Most people say the heyday of unions in the private sector is in the rearview mirror, but that doesn't mean that labor organizations don't still play a key role in many industries, including the tire and rubber industry.
Looking at the pure numbers can't be easy for labor leaders. Overall union membership was steady in 2015 from 2014, with 14.8 million wage and salary workers—or 11.1 percent—belonging to unions, according to data from the U.S. Bureau of Labor Statistics.
In the private sector, though, the union membership rate was 6.7 percent, with 7.55 million union members. Manufacturing jobs are organized at a bit of a higher rate, at 9.4 percent.
And while there have been no U.S. tire plants organized in the past 25 years, the Pittsburgh-based United Steelworkers still represents about 18,000 workers at 19 tire plants in the U.S. The union's Rubber & Plastics Industry Council, including non-tire factories, has roughly 30,000 members, according to the USW.
That includes having bargaining units at five of six Goodyear factories, plus the plant outside of Buffalo now managed by Sumitomo; five of eight Bridgestone Americas factories; two of the four former Uniroyal Goodrich facilities now owned by Michelin; two of three Cooper Tire & Rubber Co. units; the Yokohama plant in Salem, Va.; and all three Titan Tire Corp. factories.

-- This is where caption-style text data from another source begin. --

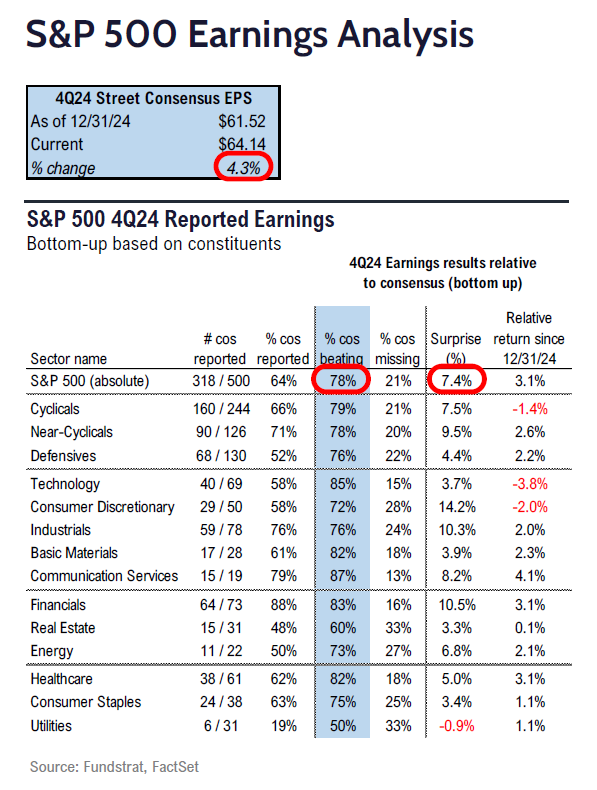 FS Insight 4Q24 Daily Earnings (EPS) Update – 02/11/2025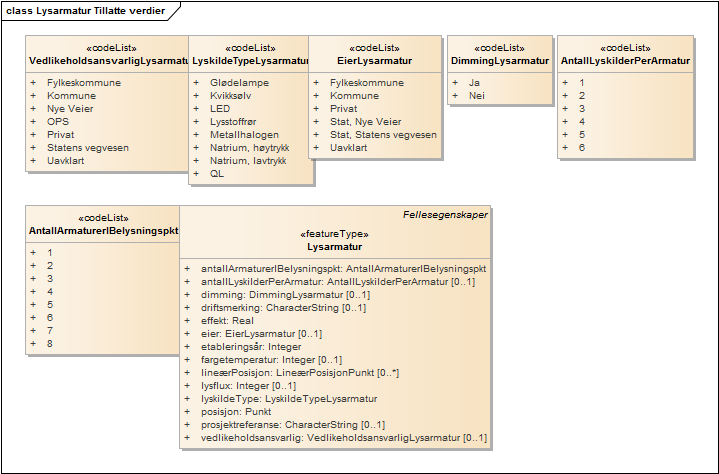 Lysarmatur Tillatte verdier
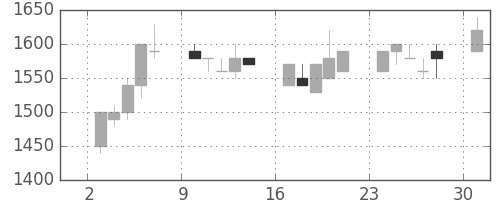 住友電の日足チャート(1989年7月)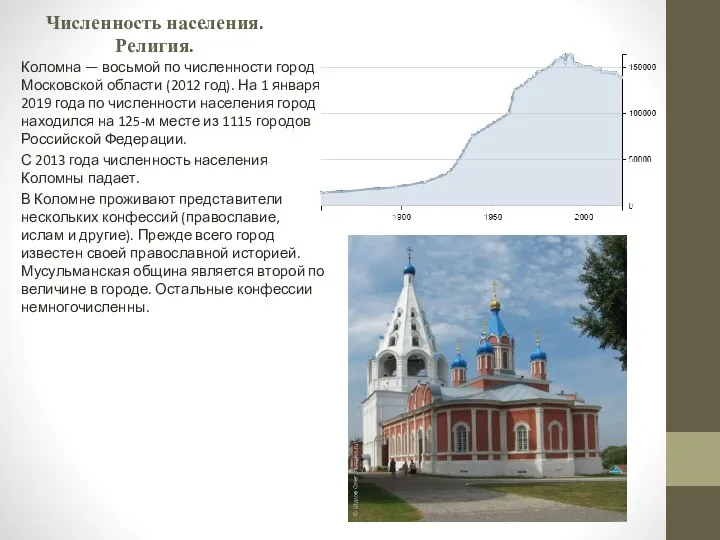 Численность населения. Религия. Коломна — восьмой по численности город Московской области (2012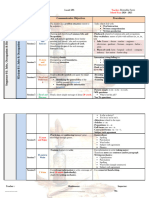 5PS Sequence Plan 01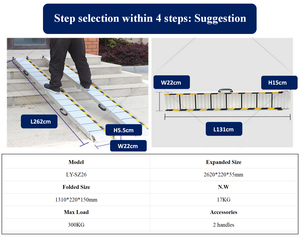 Scale pieghevoli della rampa della sedia a rotelle del canale telescopico di alluminio - Product Image 2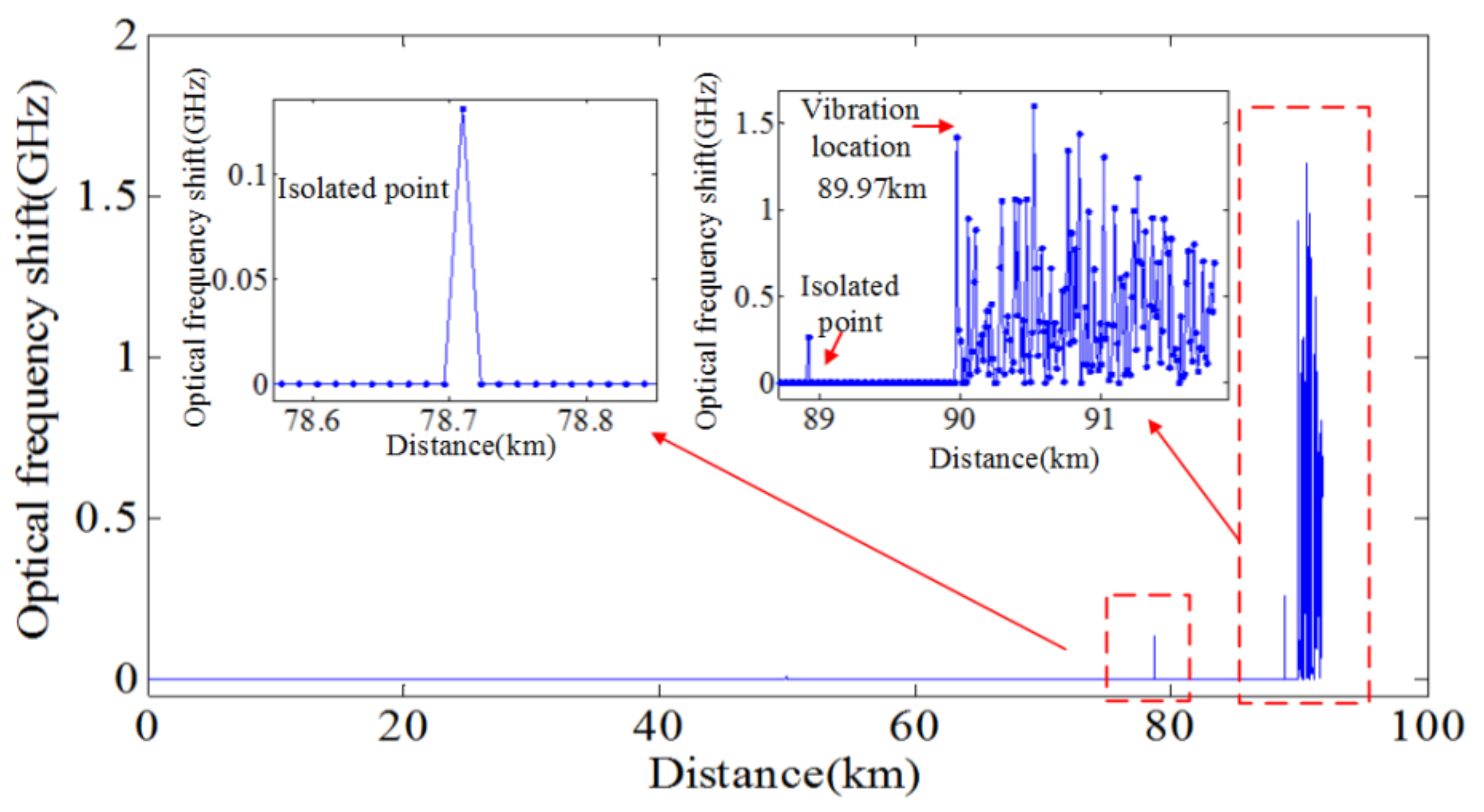Sensors 18 01072 g022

With the main master tire contracts up for renewal in 2017—though the two Michelin locals could opt out this year—all appears relatively quiet leading up to those negotiations.
And despite all the obstacles of operating an industrial union in today's environment, Stan Johnson, USW international secretary/treasurer, still sees value for workers that are union represented.
“Without collective bargaining, an individual only has the voice of a single individual,” said Johnson, who came from the former United Rubber Workers union himself. “If you don't have the right of representation or grievance procedure, in most cases you're an employee at will. The employer can essentially do anything they want, anyway they want, anytime they want.”
David Boone, president of USW Local 752 at Cooper Tire's Texarkana, Ark., plant said the role of labor continues to be to negotiate the best wage and benefits as possible, but also to keep jobs in the U.S.
“So often we miss the mark for what our international union does for us, with the tariffs that they filed,” he said. “We overlook that a lot, but if you don't have jobs here in the U.S., you have a problem.”